Justin Hughes, PA supply chain expert, is extensively quoted in an article on suppliers’ data and using it to the advantage of the business.

Results from a recent study of procurement departments last year showed that organisations that are good at supplier market intelligence also see spend savings, increased investment in procurement and increased adoption of best practices.

Justin explains that top tier suppliers can be a great help in assessing the entire upstream supply chain to assess risks, anticipate technology development and forecast prices changes: “It is not common place”, he says, “It is the leading edge of good practice and not particularly common practice yet.”
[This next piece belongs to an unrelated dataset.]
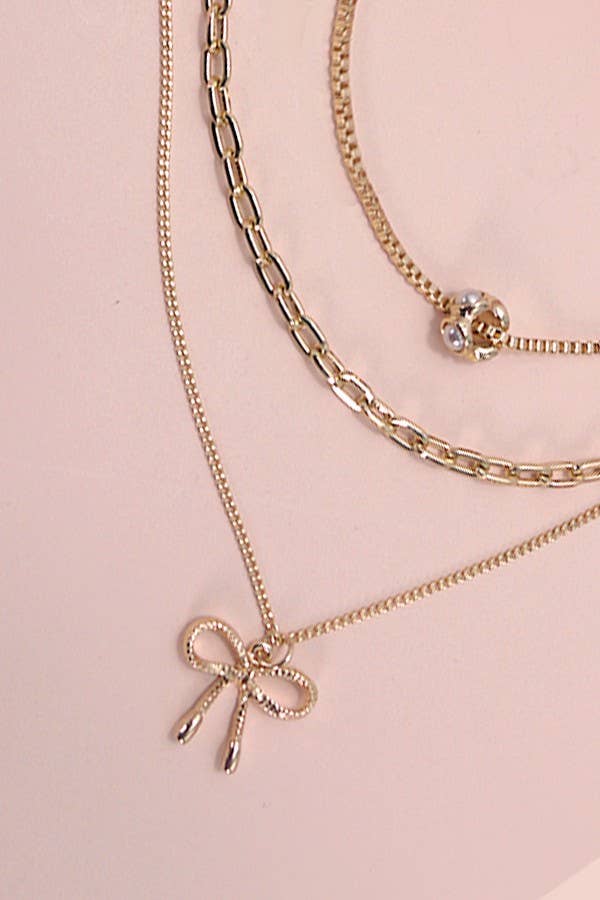 MULTI LAYER PEARL BOW CAHRM NECKLACE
Justin says that the number of vendors in the top tier of suppliers may determine if such an approach is practical. He gives an example of supermarkets that might have thousands of direct and indirect suppliers, who might find it impractical with all but a few select, strategic suppliers: “Where we have found this happens is where you have a supplier who is part of a strategic project, and then the procurement team might decide to adopt this approach. It helps to understand what drives the market, their suppliers’ supply chain and what drives their costs.”

Justin goes on to talk about some work he did with a client on breaking down the costs of ID cards into the price of the card chip, the plastic, the laminate, the printing, the labour and so on. He comments: “We found that the chip was about 75 per cent of the cost, so a movement in the prices of the plastics would not much affect your costs, but a movement in the price of chips will." 
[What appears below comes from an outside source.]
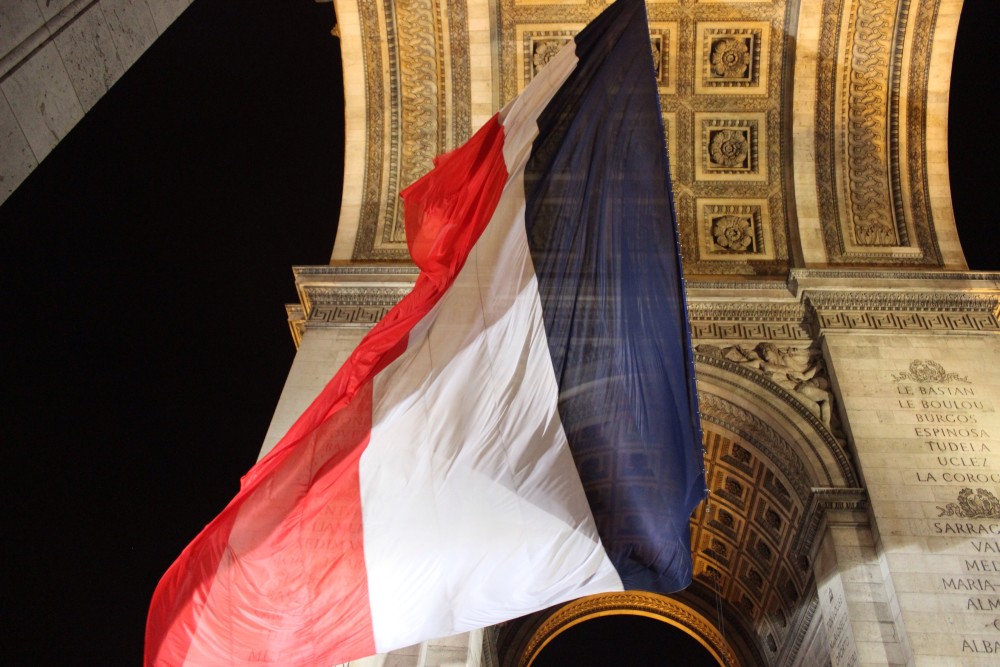 Arc de Triomphe at night with a light shining on a fluttering French Flag in Paris
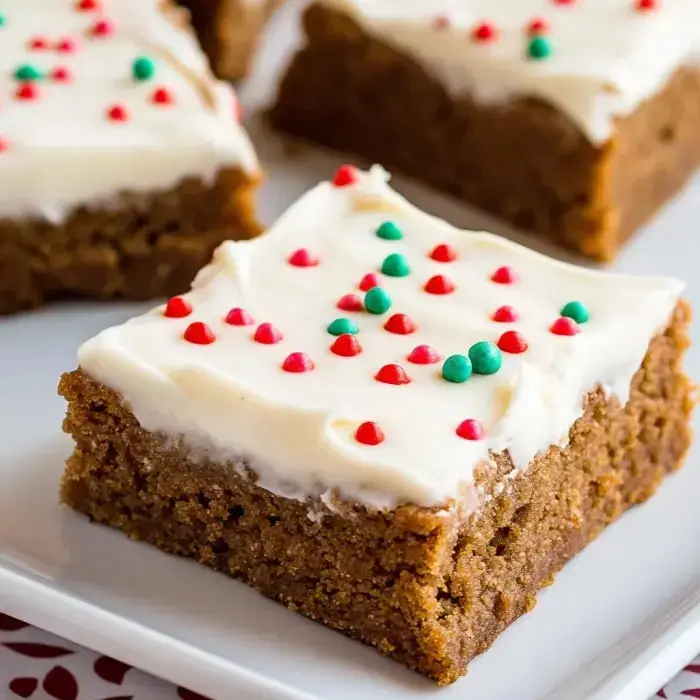 A close-up of a frosted cake square topped with red and green decorations, served on a white plate.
Justin explains that, working through each top tier suppliers’ own supply base, most of the chips came from the same manufacturer, making that a main determinant on price and a major risk. 

As suppliers can be reluctant to expose their value chain, Justin advises that the best time ask is during the competitive phase of contracting, when procurement has some leverage: "You can identify costs from suppliers A and B. Maybe A is better at sourcing, but B has lower labour cost, then you can get to an ideal price. It can become very powerful when you have a competitive situation.

But introducing the approach once a supplier is already engaged can be much more difficult: "In strategic situations, it depends on the relationship you have with the supplier."

One way of tempting suppliers into the arrangement is to offer an understanding of what your own customers will be looking for in the future, Justin says: "You have to be careful not to give them too much insight such that they can navigate around you or take it elsewhere. But if you are able to get into that partnership mentality it can be an incredibly powerful forecasting tool and all part of the process of making procurement be proactive rather than reactive."